*** Opening of SOURCE DATA ***

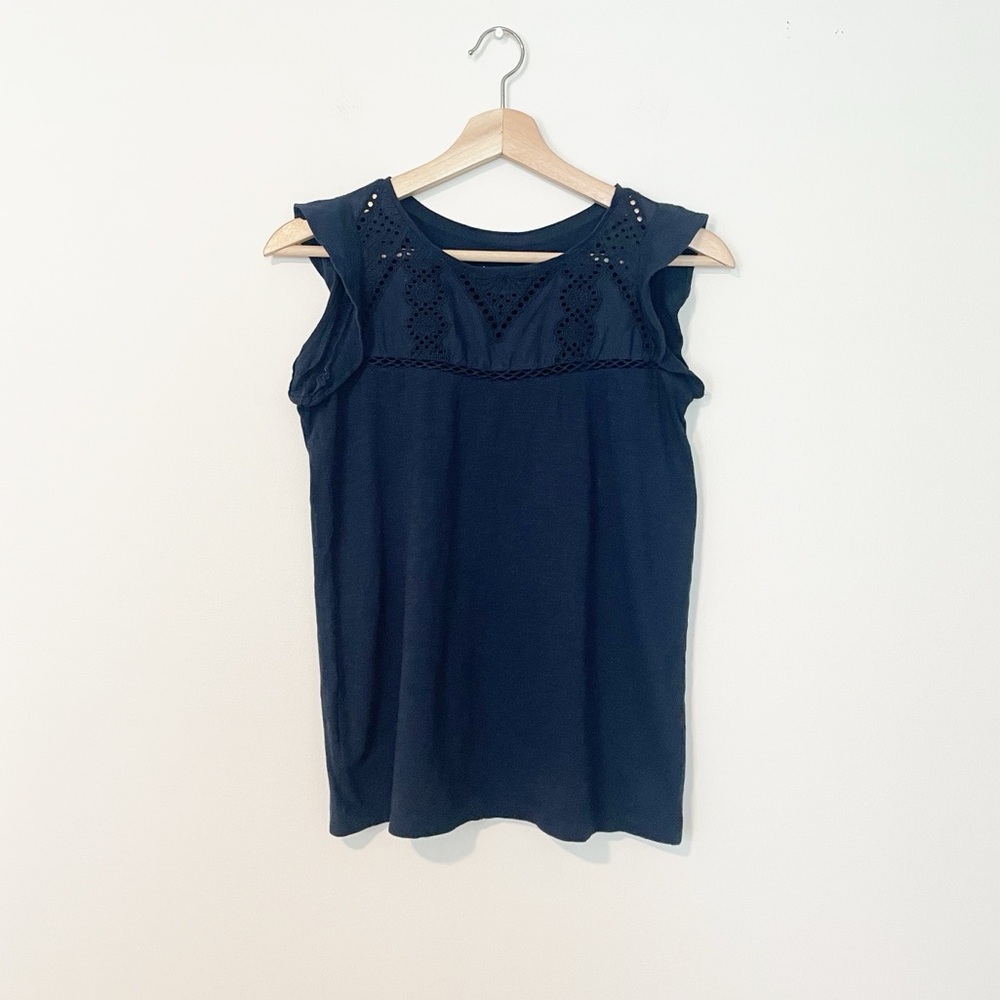 LOFT Navy Eyelet Detail Sleeveless Tee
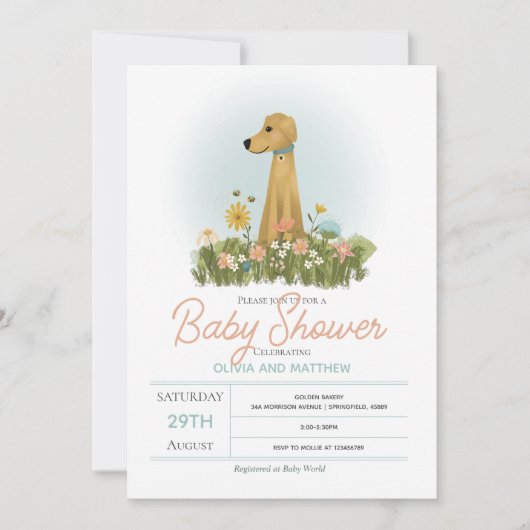 Meisjes Schattige Elegant Golden Retriever Baby sh Kaart (Voorkant)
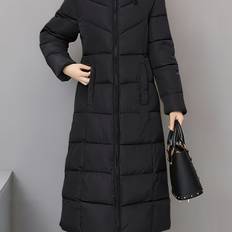 TEMU Women's Elegant Long Puffer Coat - Slim Fit, Over-the-knee, Zip-up, Black Winter Jacket With Ribbed Cuffs And Hem Detail, Functional Pockets, And Adjustable Shoulder Straps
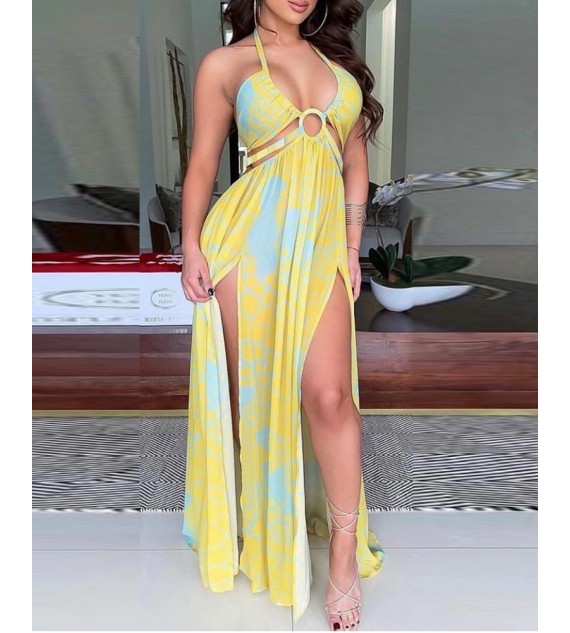 Halter Color High Slit Maxi Dress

*** Close of SOURCE DATA ***

Could you please return each line of the material exactly, dropping the pictures?

 LOFT Navy Eyelet Detail Sleeveless Tee
 Meisjes Schattige Elegant Golden Retriever Baby sh Kaart (Voorkant)
 TEMU Women's Elegant Long Puffer Coat - Slim Fit, Over-the-knee, Zip-up, Black Winter Jacket With Ribbed Cuffs And Hem Detail, Functional Pockets, And Adjustable Shoulder Straps
 Halter Color High Slit Maxi Dress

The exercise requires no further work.